Cash Flow
Why Cash Matters to a Business
Cash is the money immediately available to a business — in its bank account or as physical notes and coins. It is distinct from other assets such as stock, equipment, or money owed by customers.
A business needs cash to:
- Pay suppliers for raw materials, stock, and services
- Pay employees their wages and salaries
- Cover overheads such as rent, insurance, and utility bills
- Repay loan instalments to lenders
- Fund day-to-day trading (working capital)
Without sufficient cash, a business cannot meet these obligations even if it is technically making a profit on paper. A business that runs out of cash and cannot pay its debts becomes insolvent and may be forced to cease trading.

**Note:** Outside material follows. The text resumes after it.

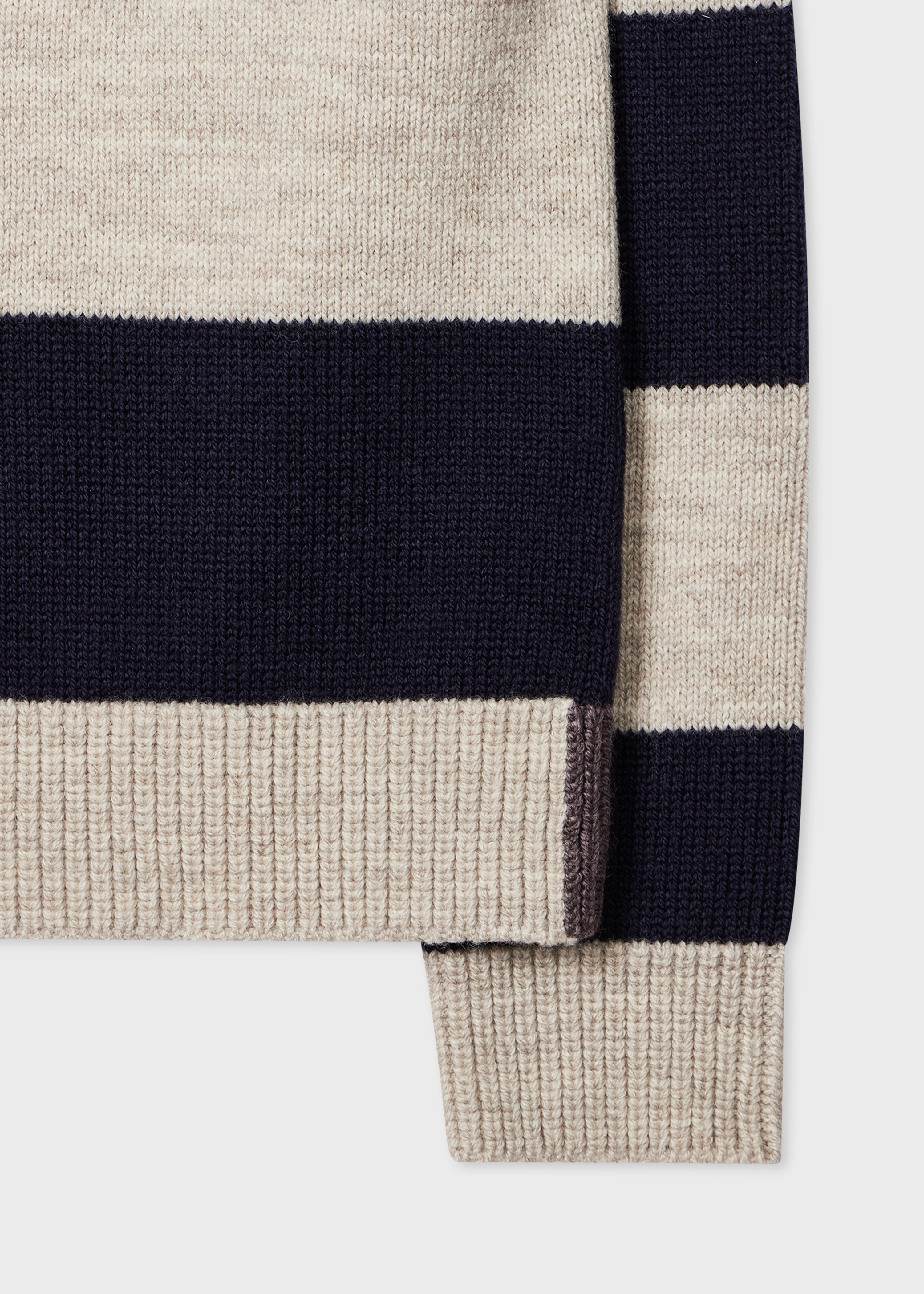 Navy Block Stripe Knitted Polo Sweater - 2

Key distinction: A business can be profitable but cash-poor. If a business sells goods on credit (customers pay 60 days later), it has earned the revenue but not yet received the cash. Meanwhile, it still has to pay wages and suppliers. This is the most common cause of business failure, particularly in fast-growing firms.
Cash flow refers to the movement of money into and out of a business over a period of time. Managing cash flow is one of the most critical tasks for any business owner.
Cash Inflows and Cash Outflows
Cash inflows are all money coming into the business:
- Sales revenue from cash sales
- Payments received from credit customers
- Loans received from banks
- Capital invested by the owner
- Proceeds from selling assets
Cash outflows are all money leaving the business:
- Payments to suppliers for stock and materials
- Wages and salaries
- Rent, rates, and utilities
- Loan repayments (principal and interest)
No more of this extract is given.